Kejriwal was a member of the committee constituted by the Government of India to draft the Bill, playing an important role in its development. He shot into the limelight when he joined hands with a veteran social reformer – Anna Hazare – to launch a massive anti-corruption movement that aimed to compel the Indian Parliament to pass the Jan Lokpal Bill.
While Anna Hazare became the face of the movement, it was Arvind Kejriwal who masterminded the campaign. Working tirelessly, his devotion to – and micro-management of – the initiative not only got the masses motivated, but also captured wide media interest.
It was Kejriwal’s idea to start the movement right after the Cricket World Cup and before the Indian Premiere League (IPL) began. This inspired timing helped the anti-corruption movement become a huge success, bringing citizens out to march in the streets and almost bringing the Indian Government to its knees.
Despite its success, Kejriwal parted ways with Anna Hazare due to differences of opinion, most crucially because of Kejriwal's enthusiasm to launch a political party to bring about the desired change in governance. Kejriwal wanted to capitalise on the wave of public support. Team Anna disagreed. Arvind Kejriwal, once again, this time with a handful of supporters by his side, decided to take the plunge.

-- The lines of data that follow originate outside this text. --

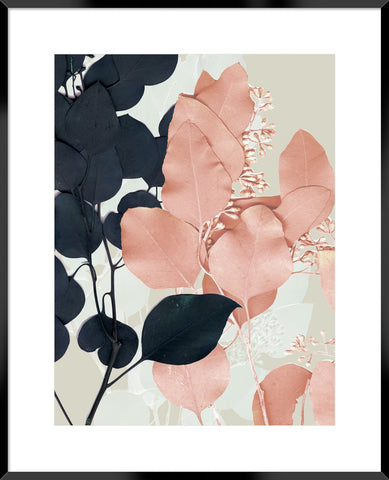 Indigo & Blush Leaves Ii 64X54Cm / Boxed Black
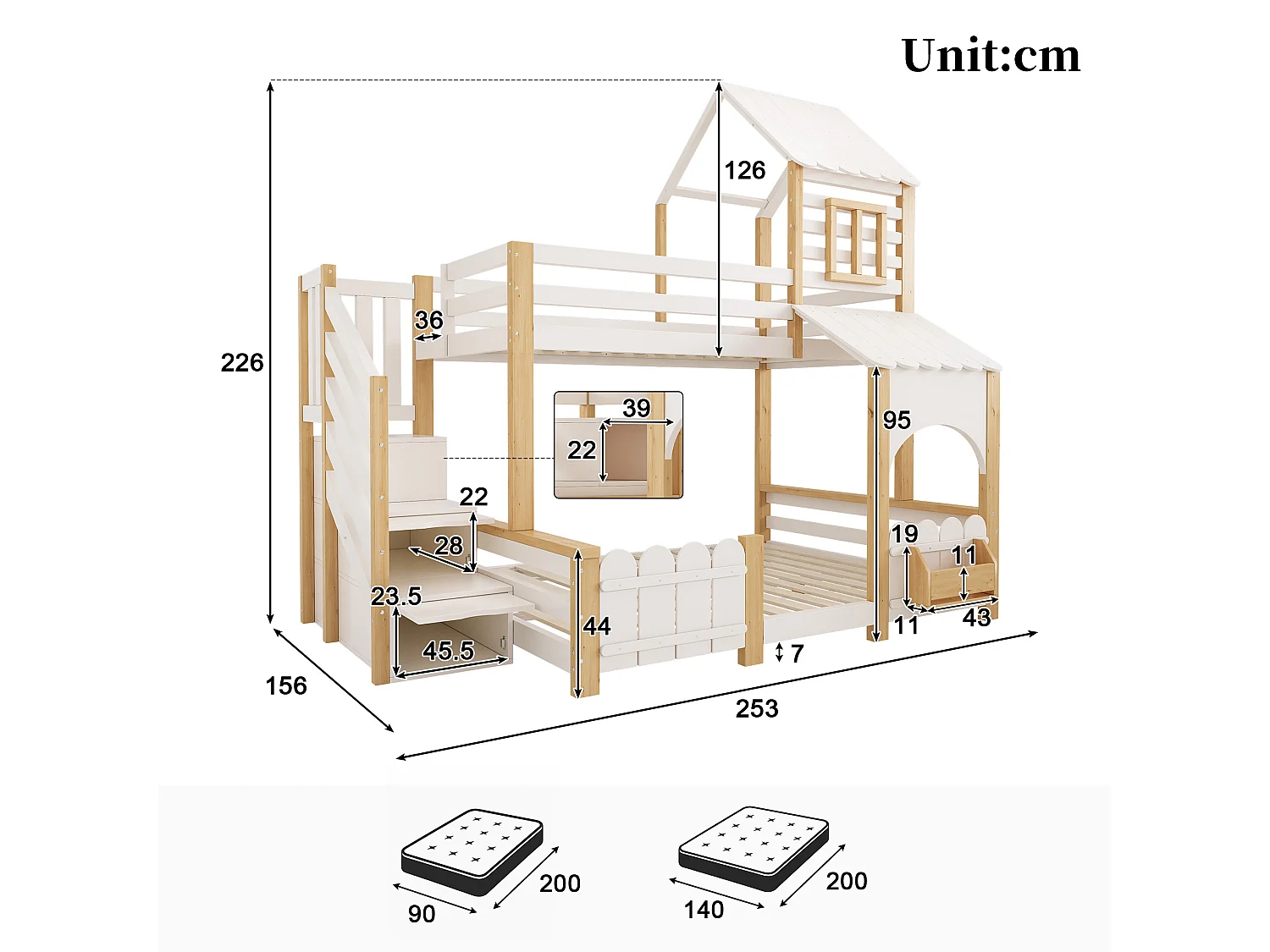 Lit superposé enfant 90x200+140x200 cm - échelle de rangement - avec baldaquin et protection antichute - blanc et naturel (sans matelas)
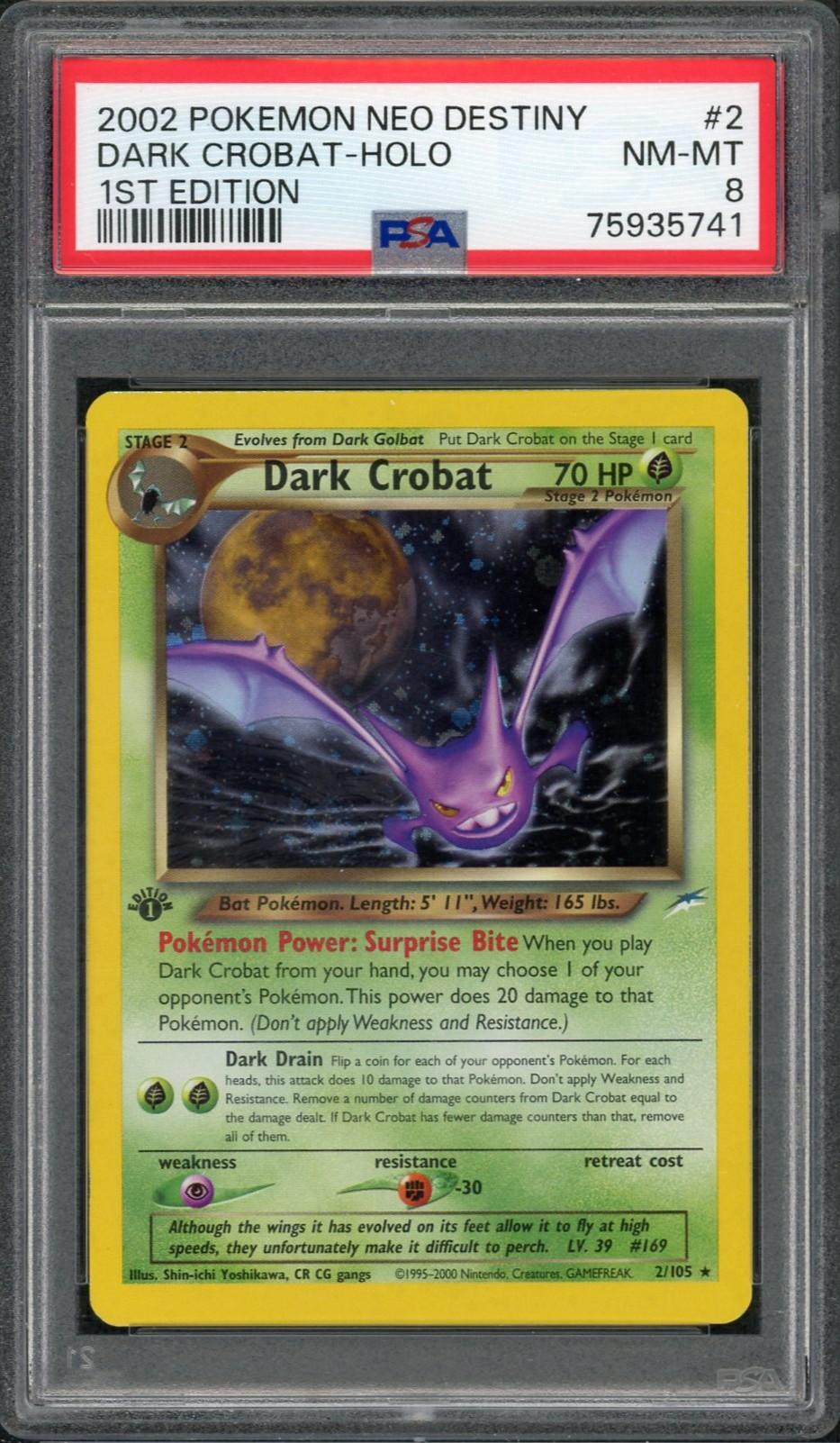 2002 Pokemon Neo Destiny Dark Crobat Holo 1st Edition #2 PSA 8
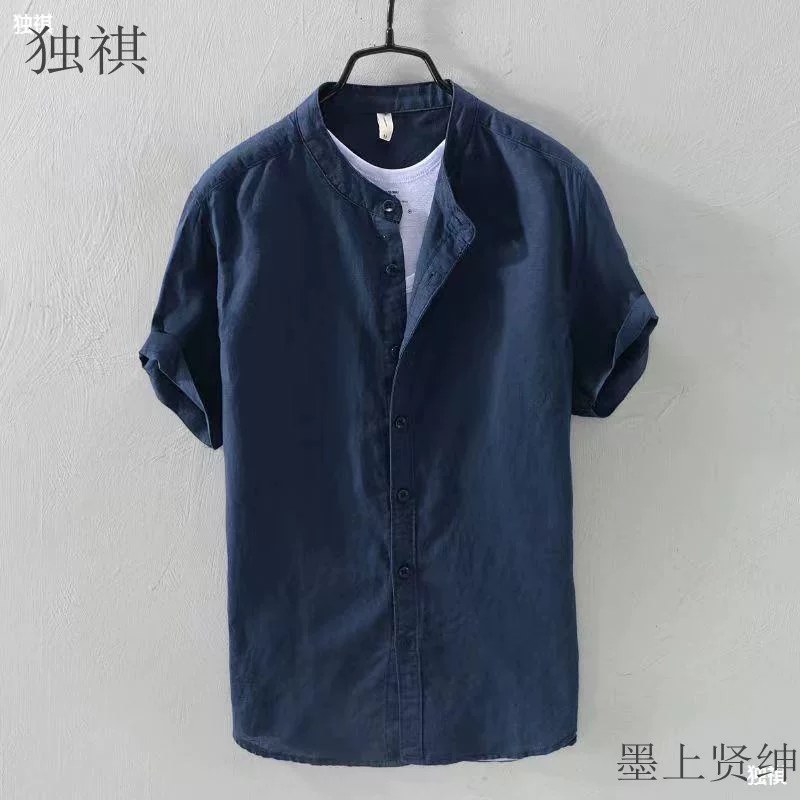 Летняя тонкая мужская рубашка сoversize, хлопок и лен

The Aam Aadmi Party’s website clearly states its mission for entering politics. “The time for peaceful fasts and protests is gone. This is the time for action. Since most political parties are corrupt, greedy and thick-skinned, it's time to bring political power back into the people's hands.” With that aim in mind, Arvind Kejriwal set out to fight the Delhi elections, selecting a “broom” as his party's electoral symbol.
Support flowed in from all corners. One of the most talked about aspects of AAP's campaign was the transparency of donations to the party. Each penny was accounted for, the figure proudly displayed on the website.
On the counting day, when the news poured in about AAP's astonishing performance, crowd shots showed brooms being waved in the air as a mark of celebration.
But the euphoria was short lived. After failing to table the Jan Lokpal Bill in the Delhi Assembly, Kejriwal decided to dissolve the assembly and resigned as Delhi’s Chief Minister. Why? Because he had promised that if he failed to bring in the Jan Lokpal Bill, he wouldn’t continue as Delhi’s Chief Minister. Kejriwal is a stubborn man, and one who honors his promises.
He works hard, lives frugally and is often photographed travelling in his economical small car or taking the Delhi Metro or an auto-rickshaw (public transport) to campaign events. The woollen muffler wrapped around his head, and his perennial cough, have become trademarks of a sort, often utilized in political satires.
Kejriwal now looms as an unstoppable force in the Indian political arena. He has thrown himself into an eventful, closely-watched campaign in Varanasi against Modi, and seems to thrive on it. He has slept on the streets of Delhi on cold winter nights, protests at every opportunity, and has become a compelling subject of conversation across the country.
His critics complain he is the creation of his own hype. “Take away the camera from his face and then see what remains” is the mantra of the cynics. But say what you might of him, Arvind Kejriwal has definitely captured the the imagination of ordinary Indians, and the interest of edtors and TV news directors. He is a political phenomena that no one can ignore. Not even Rahul Gandhi or Narendra Modi.
Whether the Aam Aadmi Party ultimately puts up an equally brilliant performance on the national scene won't be known until the votes of the epic national ballot are counted next Friday (16 May). But regardless of the result Arvind Kejriwal, anti-corruption crusader, has changed the political discourse in India.